What is being asked →
Please repeat exactly the lines below from the one containing "Geometric Jumpsuit" down to the one containing "RENAULT SCENIC LIMITED", both included, and nothing else.

Data records
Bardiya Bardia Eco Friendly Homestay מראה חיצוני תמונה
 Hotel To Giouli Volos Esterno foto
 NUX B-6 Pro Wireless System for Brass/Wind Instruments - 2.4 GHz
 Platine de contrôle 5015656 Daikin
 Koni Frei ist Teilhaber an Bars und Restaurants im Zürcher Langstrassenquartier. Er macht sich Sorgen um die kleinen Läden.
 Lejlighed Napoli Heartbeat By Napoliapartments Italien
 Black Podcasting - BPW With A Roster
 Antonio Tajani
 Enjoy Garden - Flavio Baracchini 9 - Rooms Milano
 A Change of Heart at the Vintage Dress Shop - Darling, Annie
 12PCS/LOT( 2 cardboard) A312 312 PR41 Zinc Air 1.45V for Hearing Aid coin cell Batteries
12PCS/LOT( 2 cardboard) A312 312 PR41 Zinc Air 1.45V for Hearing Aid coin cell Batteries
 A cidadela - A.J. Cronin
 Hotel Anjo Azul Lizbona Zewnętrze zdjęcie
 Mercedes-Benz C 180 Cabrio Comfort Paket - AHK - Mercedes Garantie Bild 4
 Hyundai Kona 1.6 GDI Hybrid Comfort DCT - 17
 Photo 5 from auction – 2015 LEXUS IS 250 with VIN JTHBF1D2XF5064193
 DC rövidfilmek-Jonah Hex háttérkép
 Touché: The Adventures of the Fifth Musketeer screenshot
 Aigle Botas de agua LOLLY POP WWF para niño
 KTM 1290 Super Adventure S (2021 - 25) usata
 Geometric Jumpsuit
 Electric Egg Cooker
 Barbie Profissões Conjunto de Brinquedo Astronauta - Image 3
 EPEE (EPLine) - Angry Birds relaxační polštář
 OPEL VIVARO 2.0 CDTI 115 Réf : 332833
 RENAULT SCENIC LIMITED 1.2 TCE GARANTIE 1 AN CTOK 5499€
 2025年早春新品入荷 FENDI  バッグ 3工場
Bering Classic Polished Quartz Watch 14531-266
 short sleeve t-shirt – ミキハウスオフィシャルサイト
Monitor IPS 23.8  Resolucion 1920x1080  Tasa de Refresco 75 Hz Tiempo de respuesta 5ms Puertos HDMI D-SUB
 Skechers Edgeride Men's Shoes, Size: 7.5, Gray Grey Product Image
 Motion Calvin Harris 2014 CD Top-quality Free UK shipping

Answer to the exercise →
 Geometric Jumpsuit
 Electric Egg Cooker
 Barbie Profissões Conjunto de Brinquedo Astronauta - Image 3
 EPEE (EPLine) - Angry Birds relaxační polštář
 OPEL VIVARO 2.0 CDTI 115 Réf : 332833
 RENAULT SCENIC LIMITED 1.2 TCE GARANTIE 1 AN CTOK 5499€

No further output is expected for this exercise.